Photomicrograph depicting hidradenitis. Note the hypertrophy of the secretory epithelium of the epitrichial gland (large arrow) and the luminal infiltrate (small arrow). Haematoxylin and eosin, ×20.
Photomicrograph depicting epitrichial gland rupture. Note the large pool of epitrichial glandular secretions (star) admixed with infiltrating inflammatory cells (arrow). Haematoxylin and eosin, ×4.
Photomicrographs depicting perihidradenitis: (a) Epitrichial glands are mildly dilated; several contain inspissated secretions (large arrow). Note the moderate leucocytic infiltrate surrounding the glands (small arrow). Haematoxylin and eosin (H&E), ×4 (b) higher magnification of Figure 4 (a) demonstrating the predominantly plasmacytic periglandular infiltrate (arrow). H&E, ×20.
Discussion
To the authors’ knowledge, this is the first study providing a detailed description of the microbiology and histopathology of canine ALD.

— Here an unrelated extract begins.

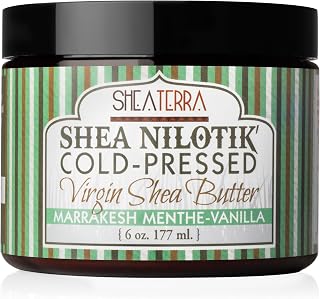 Shea Terra Organics Cold-Pressed Virgin Shea Butter – Marrakesh Menthe Vanilla | Organic East African Shea for Dry Skin, Stretch Marks, Nails & Hair – 6 oz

The trend for a predilection for females affected with ALD contradicted previous reports where either a male or no sex predilection has been reported.2,30 However, this was not significant. The median age of onset, 4 years, was younger than a previous report of 5 years of age or older.2 The left carpal region was involved in the majority of dogs, a trend consistent with previous reports.11,31
The presence of Micrococcus spp., Proteus mirabilis, and two Pseudomonas spp. on superficial and not on deep tissue culture may be attributed to contamination as these are common oral bacterial species. Surface culture may therefore not be indicative of deep bacterial infection.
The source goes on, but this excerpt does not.